ABD ziyaretinin ardından yazılı açıklama yapan Birleşmiş Milletler (BM) Azınlık İşleri Özel Raportörü Fernand de Varennes, ABD'de son zamanlarda siyahilere yönelik polis şiddeti ve Latin kökenli vatandaşlara yönelik artan ayrımcılığa ilişkin değerlendirmelerde bulundu.
De Varennes, ABD'deki azınlık hukukunun son 60 yıldır yapılan değişikliklerle güncellenmeye çalışıldığını hatırlatarak "ABD, söz konusu insan hakları ve azınlıklar olduğunda çelişkilerle dolu bir devlettir." açıklamasını yaptı.
"Yasal eksiklikler azınlıklara yönelik nefret suçlarının artışına imkan tanıyor"
Özellikle son yıllarda sosyal medya ortamında yayılan nefret söylemlerinin ülkedeki insan hakları alanındaki eksiklikleri ortaya koyduğunu kaydeden De Varennes açıklamalarına şöyle devam etti:
"İnsan haklarının korunmasına dair yasal eksiklikler, başta azınlıklar olmak üzere milyonlarca Amerikalının eşitsizlik, ayrımcılık ve tecrit gibi muamelelere tabi tutulmasına ve bu azınlıklara yönelik nefret suçlarının artışına imkan tanımaktadır."
"Siyahiler ülkede en çok dışlanan azınlık"

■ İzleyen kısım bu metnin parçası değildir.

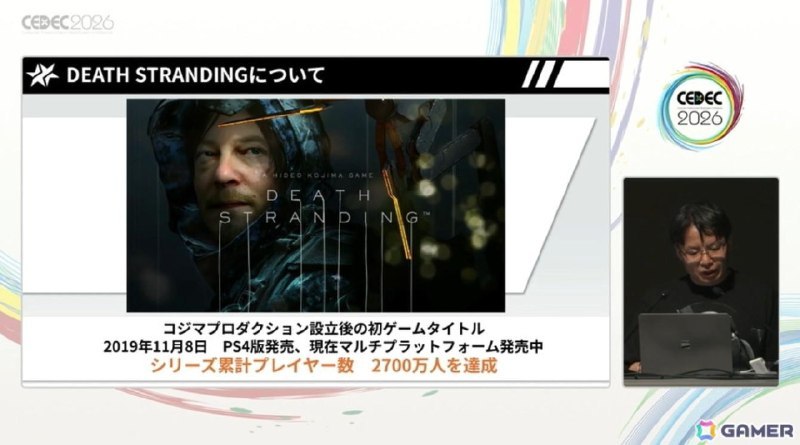 Аудитория первой Death Stranding превысила 27 миллионов человек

De Varennes, son yıllarda polis şiddeti sonucu hayatını kaybeden George Floyd ve Breonna Taylor ile ırkçı saldırı sonucu öldürülen Ahmed Arbery'ye atıf yaparak şunları söyledi:
"Siyahiler ülkede en çok dışlanan azınlık olmakla birlikte nefret suçları ve söylemlerinin hedefi olmaya en müsait insanlardır."
ABD'de azınlıkların korunması ve eşit muamele görmesi için azınlık kanunlarının ciddi bir reformdan geçirilmesi gerektiğini savunan De Varennes, "Yeni bir Amerika'nın inşası, bütün Amerikalıları kapsayan yeni bir sözleşme gerektirmektedir. Bu sözleşme en çok, şimdiye kadar ayrımcılığa tabi tutulan yerli halk, Afro-Amerikan, Latin ve diğer azınlıklar için lazımdır." değerlendirmesini yaptı.